(ACTIVITY):
Go from the first line below to the one with "Load image into" and print each line exactly.

(Short descriptive text snippets)
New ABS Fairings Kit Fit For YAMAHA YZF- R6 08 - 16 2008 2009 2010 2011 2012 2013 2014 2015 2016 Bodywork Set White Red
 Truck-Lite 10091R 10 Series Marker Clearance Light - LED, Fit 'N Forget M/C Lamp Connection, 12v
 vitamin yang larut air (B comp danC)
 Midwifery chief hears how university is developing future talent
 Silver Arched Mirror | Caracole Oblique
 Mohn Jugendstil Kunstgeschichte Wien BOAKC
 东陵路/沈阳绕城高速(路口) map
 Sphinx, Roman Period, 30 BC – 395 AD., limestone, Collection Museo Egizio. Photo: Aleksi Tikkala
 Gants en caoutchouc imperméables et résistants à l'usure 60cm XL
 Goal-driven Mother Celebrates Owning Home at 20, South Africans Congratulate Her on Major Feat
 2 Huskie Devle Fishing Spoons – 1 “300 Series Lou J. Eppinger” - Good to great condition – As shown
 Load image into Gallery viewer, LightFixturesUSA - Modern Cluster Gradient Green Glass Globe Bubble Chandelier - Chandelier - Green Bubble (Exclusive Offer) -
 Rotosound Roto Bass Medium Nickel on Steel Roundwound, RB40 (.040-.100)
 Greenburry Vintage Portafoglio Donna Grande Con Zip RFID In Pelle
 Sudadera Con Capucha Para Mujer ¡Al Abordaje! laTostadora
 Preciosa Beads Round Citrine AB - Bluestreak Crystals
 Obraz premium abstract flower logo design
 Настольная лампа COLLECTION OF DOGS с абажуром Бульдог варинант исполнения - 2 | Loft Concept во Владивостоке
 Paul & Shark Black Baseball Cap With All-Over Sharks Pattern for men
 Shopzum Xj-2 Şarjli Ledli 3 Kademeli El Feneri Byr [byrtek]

(ANSWER TO THE EXERCISE):
New ABS Fairings Kit Fit For YAMAHA YZF- R6 08 - 16 2008 2009 2010 2011 2012 2013 2014 2015 2016 Bodywork Set White Red
 Truck-Lite 10091R 10 Series Marker Clearance Light - LED, Fit 'N Forget M/C Lamp Connection, 12v
 vitamin yang larut air (B comp danC)
 Midwifery chief hears how university is developing future talent
 Silver Arched Mirror | Caracole Oblique
 Mohn Jugendstil Kunstgeschichte Wien BOAKC
 东陵路/沈阳绕城高速(路口) map
 Sphinx, Roman Period, 30 BC – 395 AD., limestone, Collection Museo Egizio. Photo: Aleksi Tikkala
 Gants en caoutchouc imperméables et résistants à l'usure 60cm XL
 Goal-driven Mother Celebrates Owning Home at 20, South Africans Congratulate Her on Major Feat
 2 Huskie Devle Fishing Spoons – 1 “300 Series Lou J. Eppinger” - Good to great condition – As shown
 Load image into Gallery viewer, LightFixturesUSA - Modern Cluster Gradient Green Glass Globe Bubble Chandelier - Chandelier - Green Bubble (Exclusive Offer) -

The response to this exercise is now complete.